Published December 18, 2023
1 years ago

Eskom, South Africa’s primary electricity supplier, finds itself amidst a burgeoning financial crisis as unpaid municipal debts have ballooned to R70 billion during the first half of the utility's 2024 financial year. The distressing financial situation, detailed in Eskom’s interim results, signals a dire need for intervention as the state-owned utility struggles with liquidity necessary for crucial maintenance and expansion endeavours.


In stark contrast, just five years ago, in 2018, the invoiced municipal debt stood at R13.6 billion, marking an alarming growth rate that has exacerbated Eskom’s financial woes. This steep incline represents not merely a nominal increase, but rather a systemic failure, with a notable 32% surge from the year before, and only a 76% payment rate from the municipalities, which is down by 2% from 2023's performance.


The concerning trend is particularly pronounced among the top 20 defaulting municipalities, which only pay less than half of what they are billed – a troubling 46% payment level that has brought operations to a precarious edge.


Electricity Minister Kgosientsho Ramokgopa has expressed deep concerns regarding the fiscal health of these defaulting municipalities, many of which veer dangerously close to insolvency, unable to raise sufficient revenue to cover their operational costs. The ramifications of such are far-reaching, affecting not only Eskom's capacity to provide a reliable electricity supply but also the national economy.


To alleviate this pressing challenge, Ramokgopa emphasised the urgency for a municipal debt relief programme spearheaded by the National Treasury. It's a programme projected to ameliorate the debt quagmire by enhancing payment levels and enabling the settlement of current accounts owed to Eskom. In a hopeful turn, 52 municipalities, responsible for 86% of the outstanding debt, have received approval for the programme. However, to see any debt written off, they will need to adhere to the stringent conditions set forth for a full year.

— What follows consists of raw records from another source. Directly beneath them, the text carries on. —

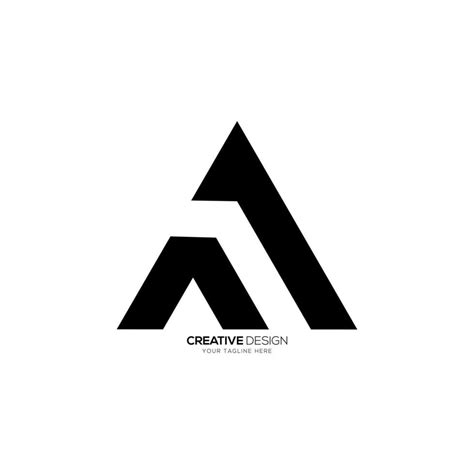 Letter Aa triangle simple shape abstract monogram logo design 30774425 ...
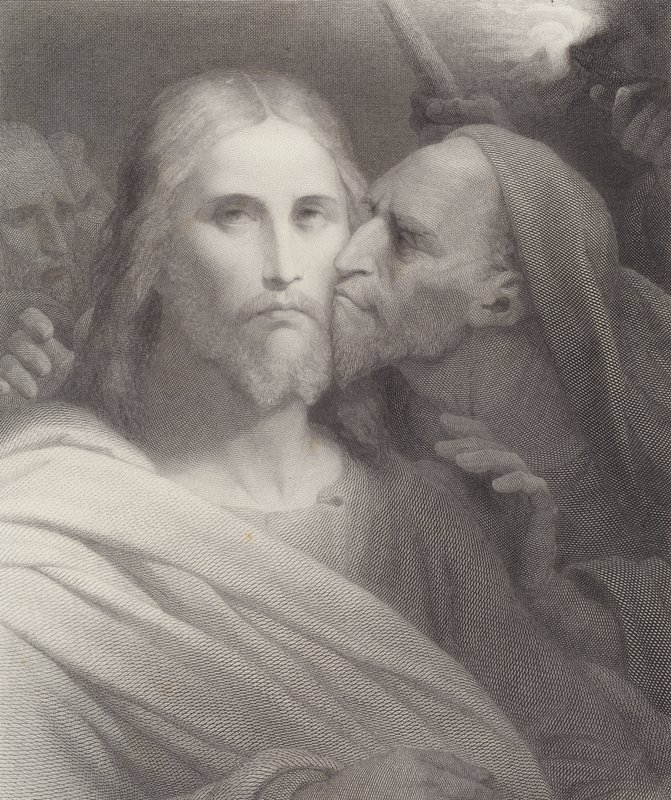 O beijo de Judas de Ary Scheffer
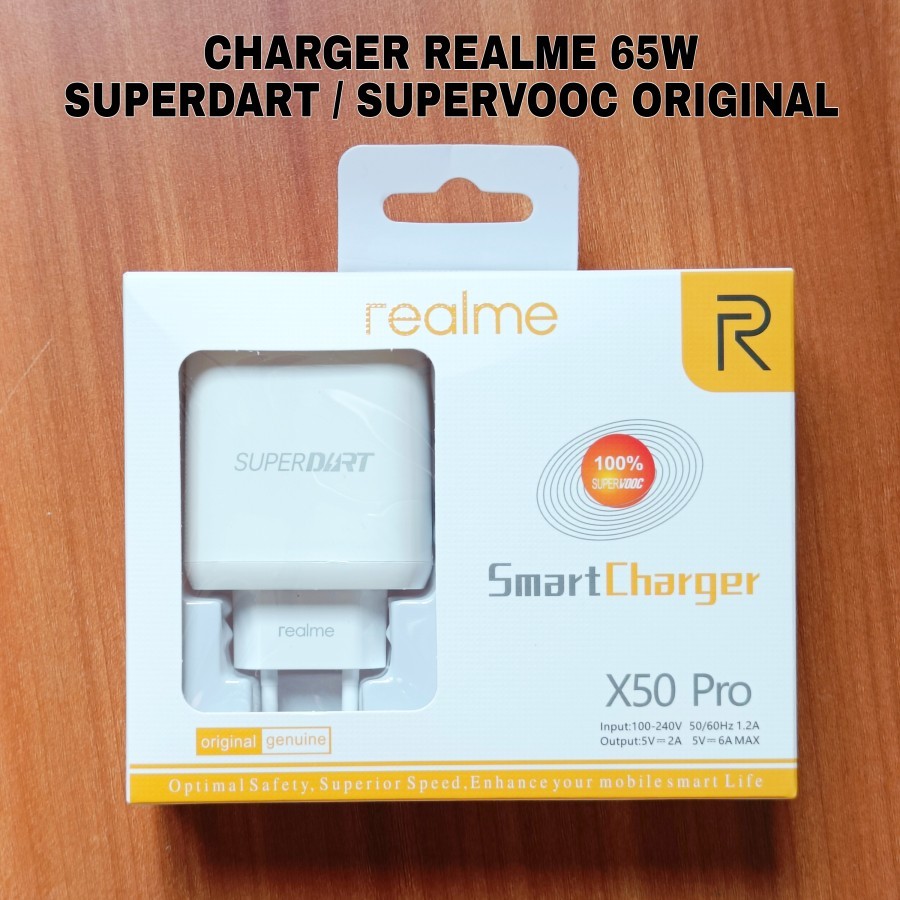 Charger Realme SuperDart 65W USB Type C ORIGINAL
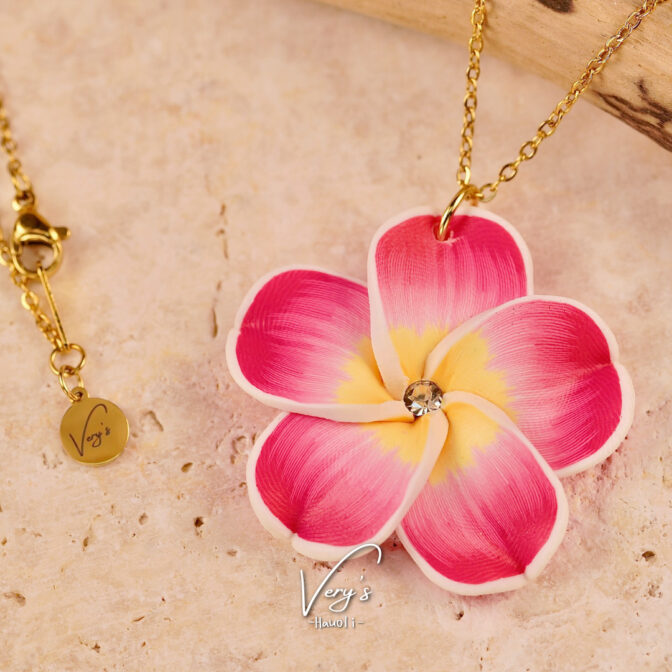 Colorful Plumeria Necklace
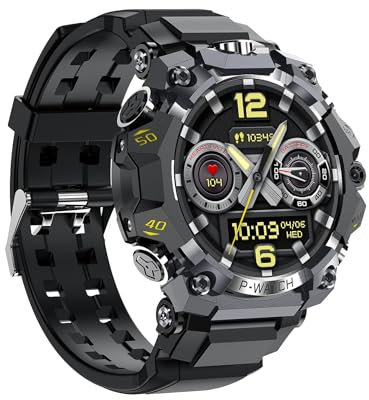 Générique PGD446 Premium 4G Android Smartwatch - 1.5 AMOLED | 4GB+64GB | Caméra 8MP | IP68 | GPS | Bandes mondiales | CNC Metal Design (Noir)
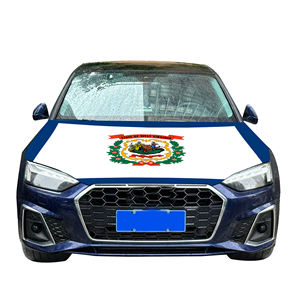 Drapeau de couverture de capot de voiture West Virginia drapeau de couverture de moteur de voiture en gros couverture de capot de moteur de voiture résistante à l'usure et Durable personnalisée - Product Image 1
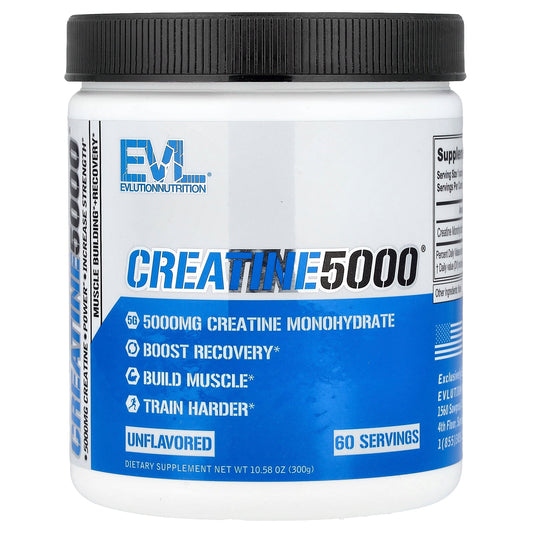 EVLution Nutrition, Creatine5000®, Unflavored, 10.58 oz (300 g)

The criteria underpinning the debt relief application include maintaining up-to-date payments and the deployment of smart meters – the latter being a strategic move to improve revenue collection by ensuring accurate billing. This approach aims to provide municipalities with a fighting chance to regain control of their finances and, in tandem, allow Eskom to recuperate part of the enormous sums owed.


Despite this, challenges linger as only 11 of the 28 municipalities involved in the relief programme have fully honoured their agreement with the National Treasury as of August, and a further seven have only partially complied. This tepid response tempers expectations, with the envisaged cash flow benefit likely to fall short of initial estimates.


Given these realities, it is evident that Eskom's financial sustainability is contingent upon systemic reforms, diligent oversight, and the unwavering commitment of indebted municipalities to honour their obligations. The utility's precarious position remains a matter of national concern, with essential services and economic stability inextricably linked to its turnaround.